BSkyB’s shareholders will formally decide today whether to go ahead with the broadcaster’s £5.4 billion (€6.88bn) acquisition of Sky Italia and Sky Deutschland.
There are not likely to be many objectors given that the acquisitions will transform BSkyB into a Europe-wide £22 billion business, and with immense prospects.
At the end of the process, BSkyB will control some 20 million subscribers with an expansion target of a huge 97 million new households.
However, as yet unresolved are the responses of the minority shareholders in Sky Germany. While a shareholding of 57.4 per cent, previously in the hands of 21st Century Fox, would flow into the new deal, there are some minority shareholders who have resisted the deal and who are seeking more than the €6.75 per share on offer.

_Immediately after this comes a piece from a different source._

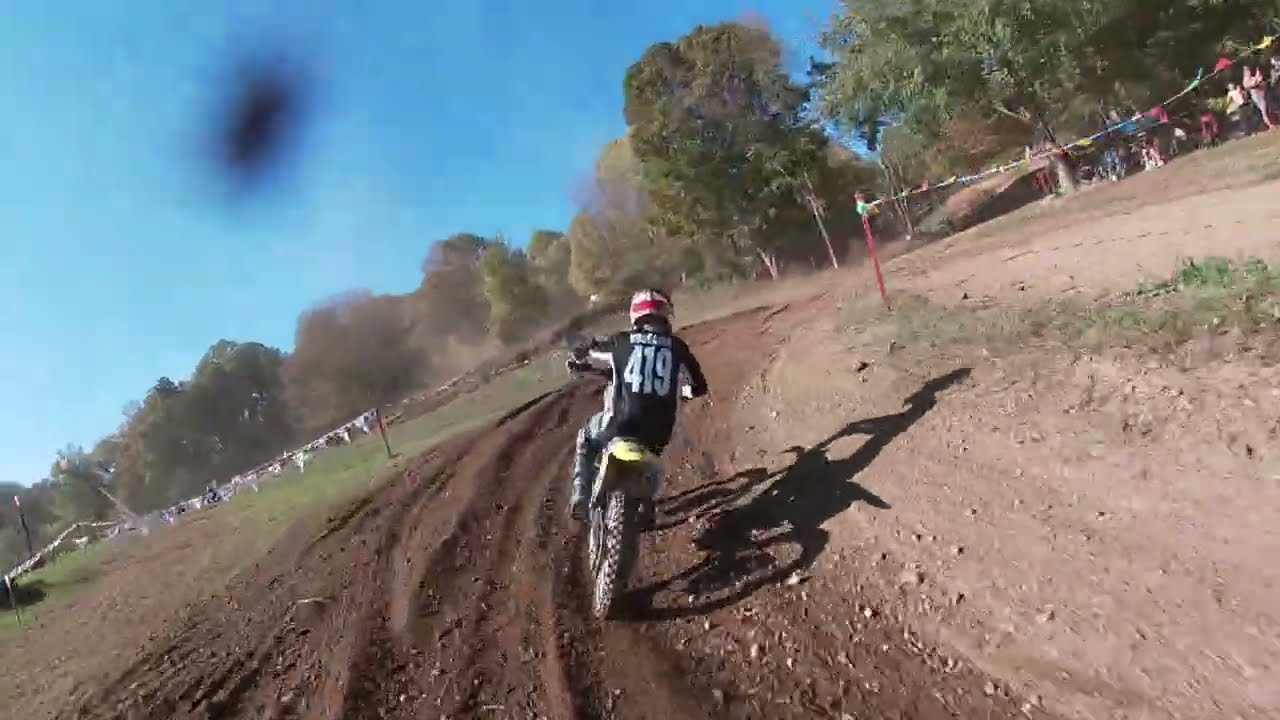first time racing a 1990 CR500 !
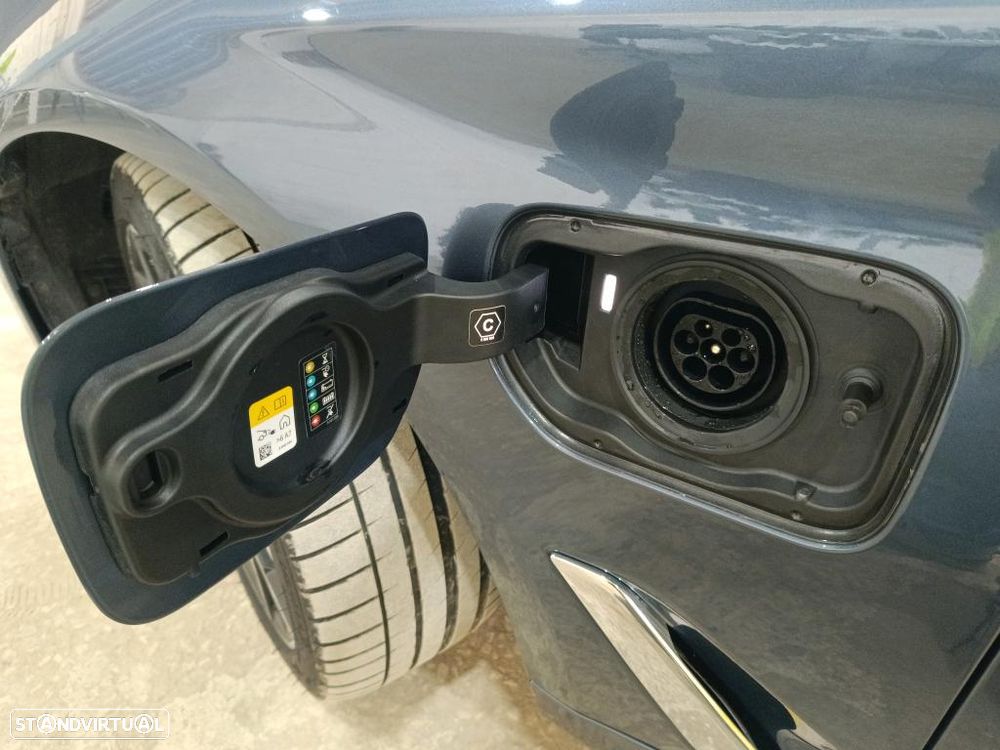 BMW 530 e Pack Desportivo M - 11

While the formal vote takes place today, the deal is not expected to close until November.
But BSkyB is not having everything its own way. October 3 saw a negative note emerge from investment banker Credit Suisse, which has retained a negative outlook on the company’s share price, and which it cites as anxieties over the upcoming Premier League auction over TV rights. Credit Suisse says it sees “few good outcomes” for Sky. “We think the only bullish outcomes for Sky would be: Sky and BT both decide against bidding aggressively; or Sky lodges a ‘blockbuster’ bid to buy six out of seven packs, in an effort to force BT out of the wholesale content market,” wrote analyst Omar Sheikh.
He goes on to say that neither view is likely, and instead anticipates a 60 per cent increase in the cost to BSkyB of its football costs.